Deobandi parties pressurize Sindh govt for no action against seminaries

Written by  Published by:Shiite News
Published in Pakistan
Thursday, 12 March 2015


As part of the new anti-terrorism policy, the law enforcement agencies have started scrutinizing madrassas (seminaries) in Sindh, sealed hundreds of them and arrested many teachers and students. In response, Deobandi parties have threatened to launch a movement against the provincial government despite the fact that only unregistered seminaries have been sealed so far.
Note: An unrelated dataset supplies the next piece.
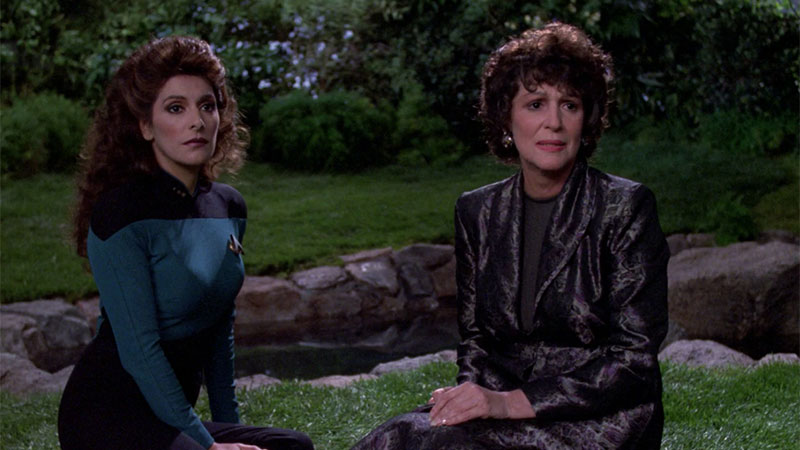 Deanna and her mother Lwaxana - Dark Page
“The law enforcement agencies have been inspecting religious seminaries’ connections with banned terrorist/militant groups and their sources of funding, especially from abroad, and sealed many of them,” a home department official said.
“They have also been examining the assets of seminaries and the foreign students and teachers there, especially those from Afghanistan,” he added.

“Besides, the affiliation of teachers and students with religious parties and (Wahhabis-allied Deobandi) jihadist groups and their activities are also being monitored.”

Although it is not aimed at any specific seminary, Deobandis allied with Wahhabi-Salafi militants foresee curtailing their influence and fear that their connection with ongoing terrorism across Pakistan would come to light.

Like their past tradition, Deobandis used their JUI and their seminaries relations with Shia Muslims and Sunni Bralevis to exert pressure on the government for inaction against their fanatic seminaries. It is fact that Sunni Bralevis and Shia Muslims seminaries are not involved in terrorism and all those who perpetrated terrorist attacks belonged to Deobandi seminaries because of old ties of Deobandis with fanatic and terrorist outfits such as ASWJ/Sipah-a-Sahaba, Lashkar-e-Jhangvi, Taliban, al-Qaida, Jund-ush-Shaitan, etc.

Unfortunately, Shia Ulema Council and Sunni Bralevis party also attended a Deobandis-sponsored meeting on March 9 that threatened to launch a movement to stop the sealing of seminaries and the harassing of clerics under the Loudspeaker Act and other laws JUIF’s Usman threatened to launch anti-government movement from March 18 and could also besiege the Chief Minister’s House.

Civil society’s concerns

Security analysts and civil society organisations are unsatisfied with the government’s action.

Asad Iqbal Butt, the provincial vice-chairperson of the Human Rights Commission of Pakistan, said it was the prime responsibility of the government to curtail the mushroom growth of seminaries in the province, especially in Karachi.

“The government is unable to stand up to the pressure exerted by the religious parties and that is why it has not taken bold measures to bring seminaries under its control,” he added.

Tariq Pervez, the former chairman of the National Counter-Terrorism Authority, believes that the government should adopt a two-dimensional policy for tackling the issue of the ties between seminaries and militancy to remove the misconceptions among the public.